Start of GIVEN MATERIAL

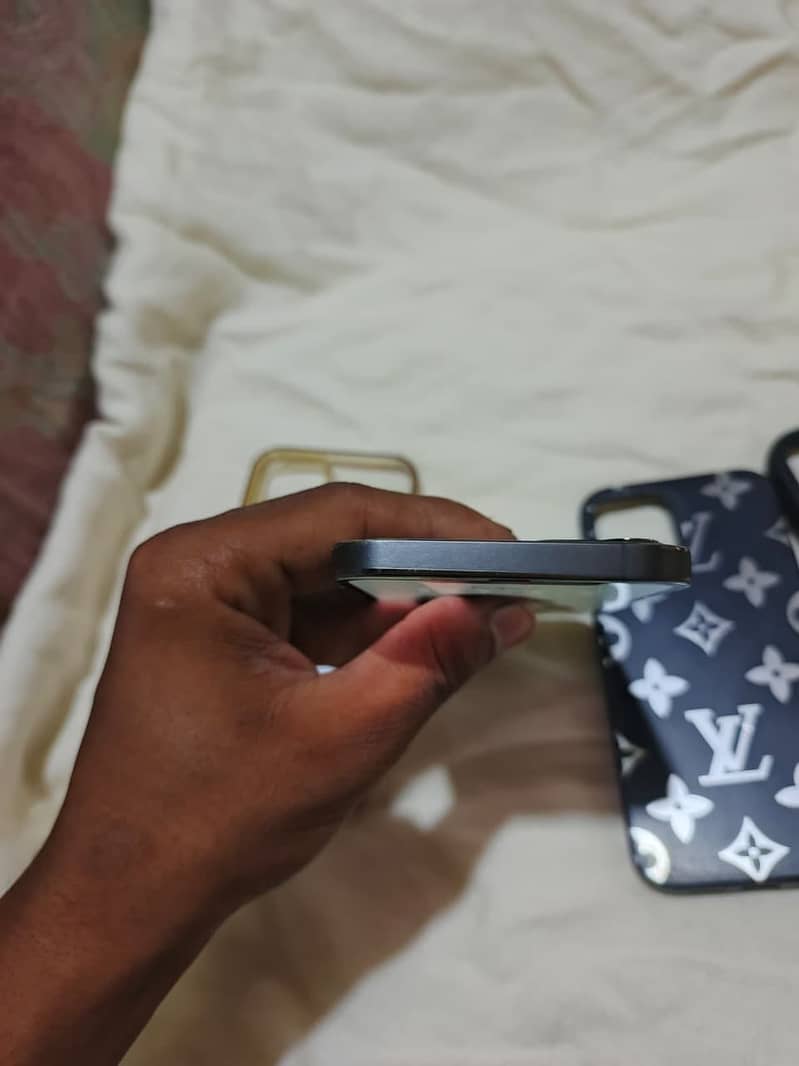 Apple iPhone 12 Pro 9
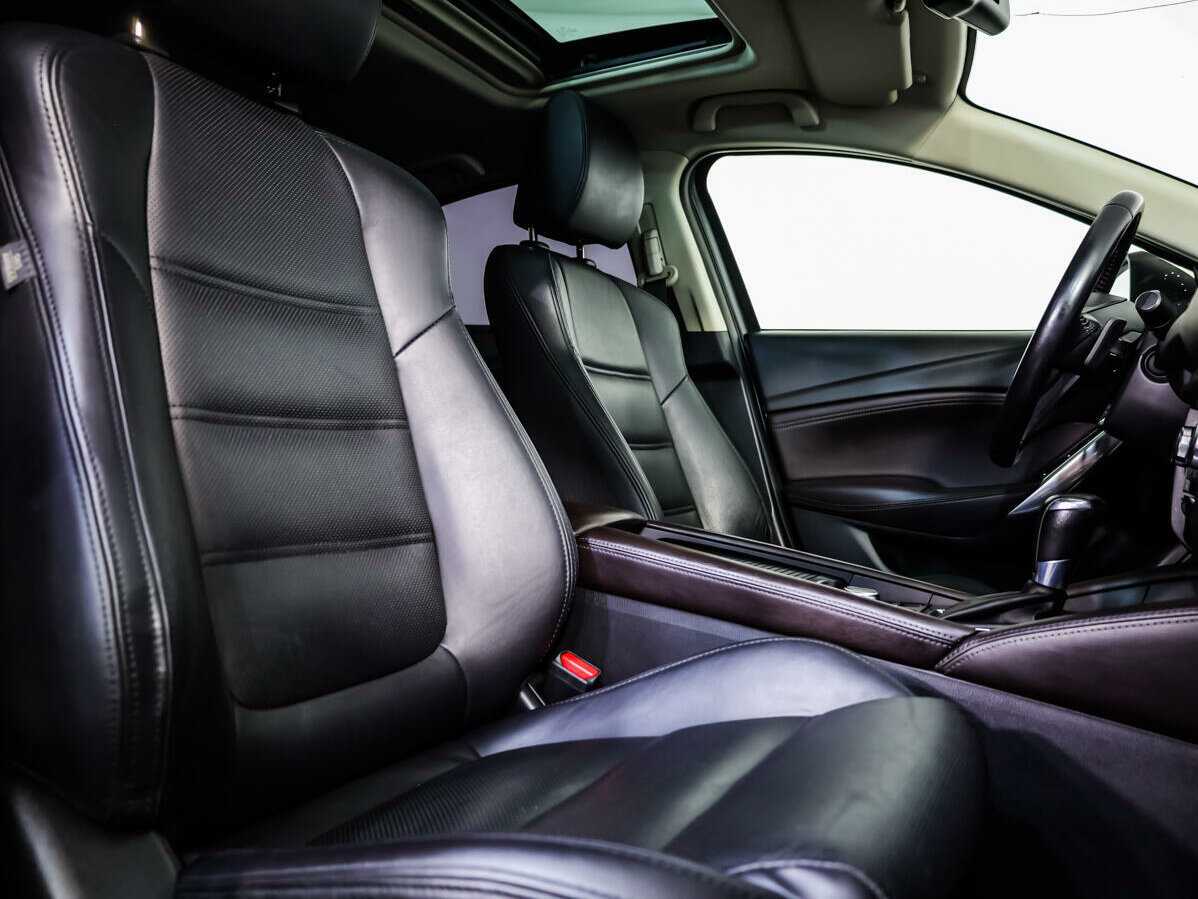 Купить Mazda 6 с пробегом. Фото: #10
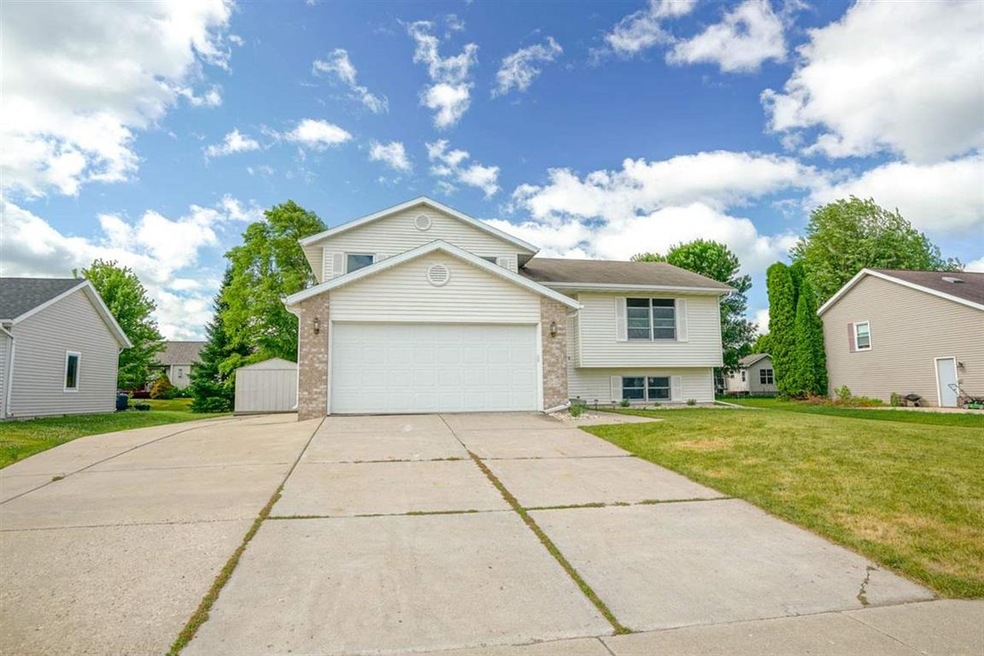 1138 S Perry Pkwy, Oregon, WI 53575 - photo 1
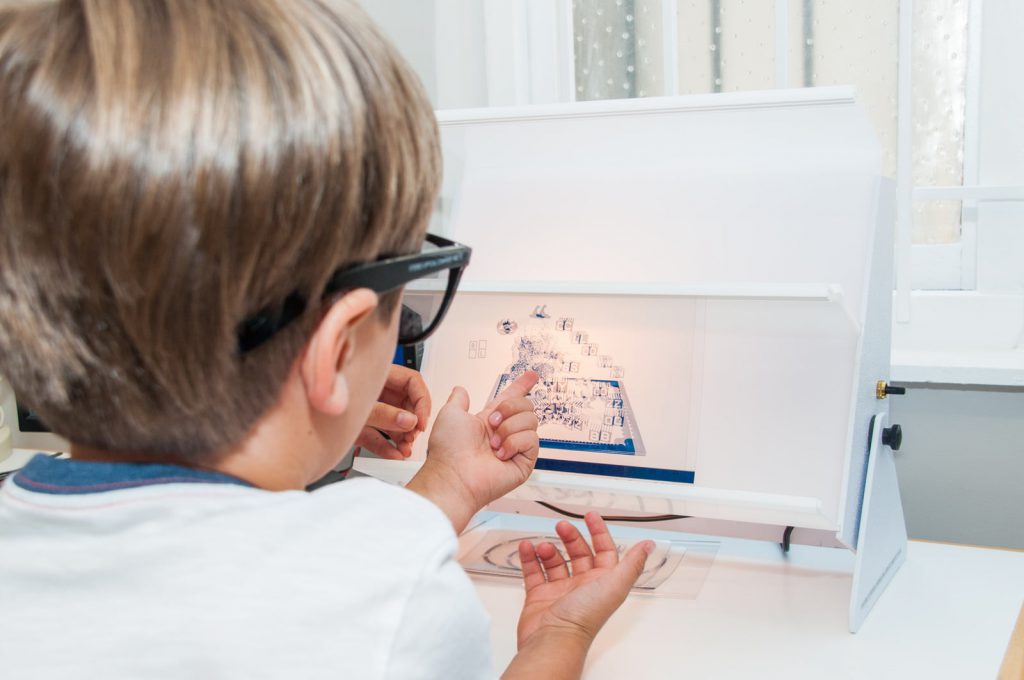 Manfaat Vision Therapy dan Masalah Penglihatan yang Dapat Diperbaiki Dengan Vision Therapy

End of GIVEN MATERIAL

#### TASK INSTRUCTIONS
Apart from the images, please copy every line of the data exactly as written.

#### RESPONSE
 Apple iPhone 12 Pro 9
 Купить Mazda 6 с пробегом. Фото: #10
 1138 S Perry Pkwy, Oregon, WI 53575 - photo 1
 Manfaat Vision Therapy dan Masalah Penglihatan yang Dapat Diperbaiki Dengan Vision Therapy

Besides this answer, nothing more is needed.